*** Opening of COLLECTED DATA ***

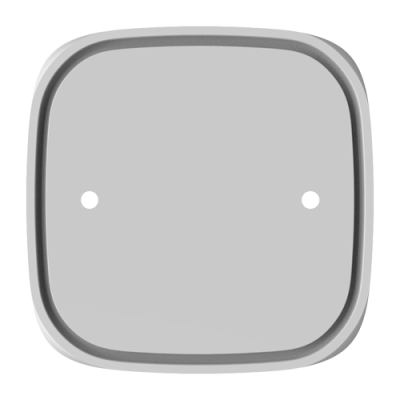 Interruptor quadrado branco com cantos arredondados e duas aberturas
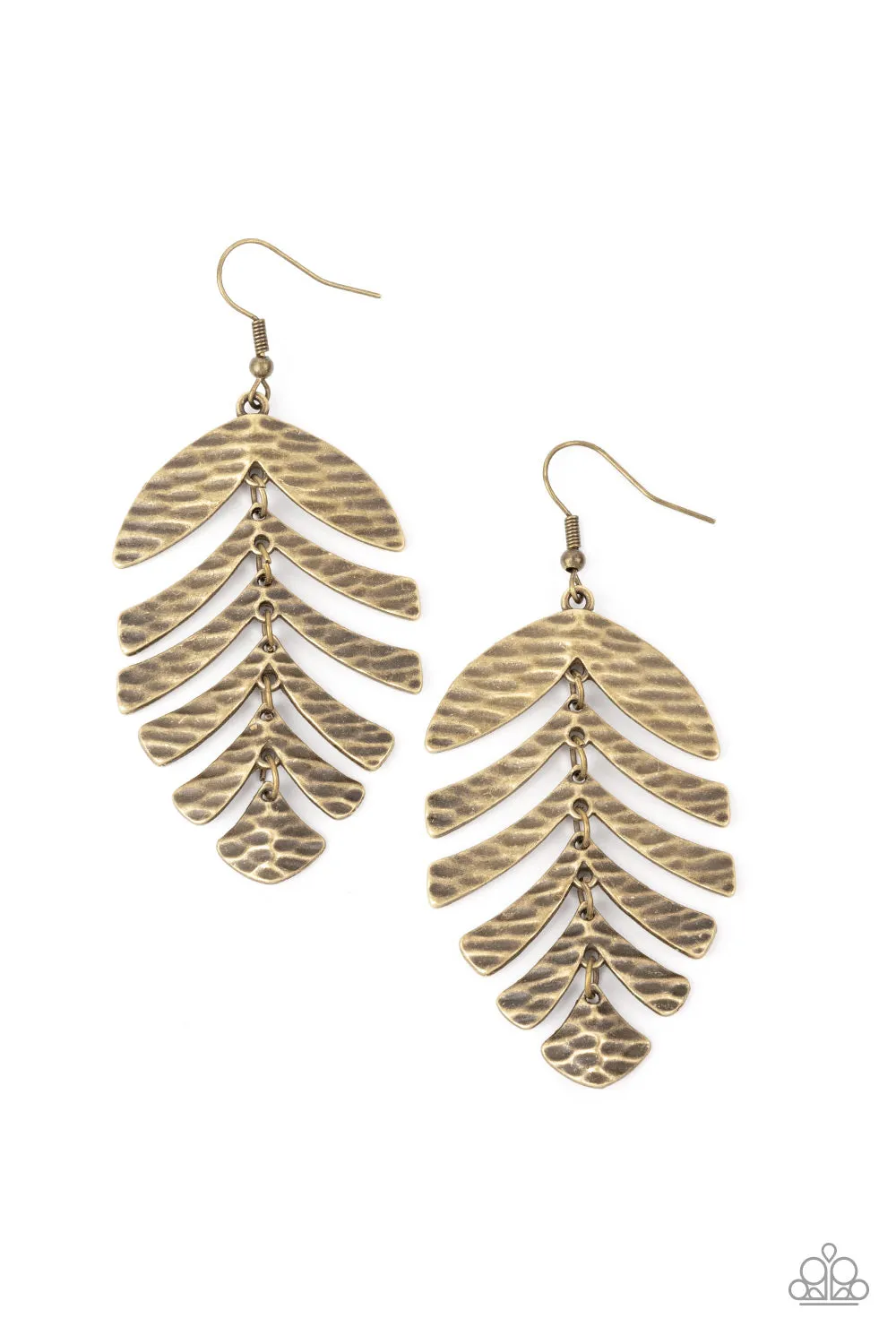 Paparazzi Accessories - Palm Lagoon - Brass Earrings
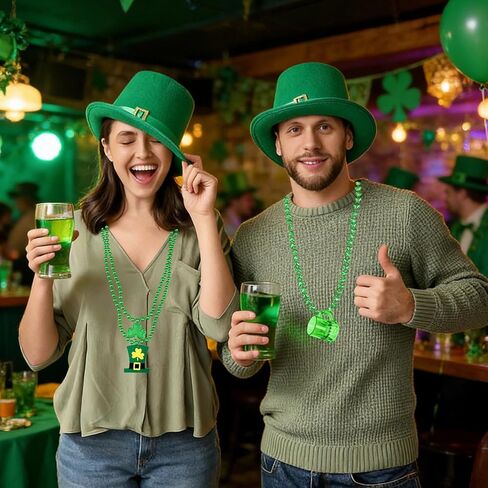 18 Pcs St. Patrick's Day Necklaces Shamrock Green Clover Beaded Pendant Bulk Saint Pattys Party Accessories Mardi Gras Decor Irish Costume Decorations(6 Style) in Kuwait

*** Close of COLLECTED DATA ***

ACTIVITY: Transcribe the whole listing exactly. Pictures stay out of your copy.

EXERCISE OUTPUT:
 Interruptor quadrado branco com cantos arredondados e duas aberturas
 Paparazzi Accessories - Palm Lagoon - Brass Earrings
 18 Pcs St. Patrick's Day Necklaces Shamrock Green Clover Beaded Pendant Bulk Saint Pattys Party Accessories Mardi Gras Decor Irish Costume Decorations(6 Style) in Kuwait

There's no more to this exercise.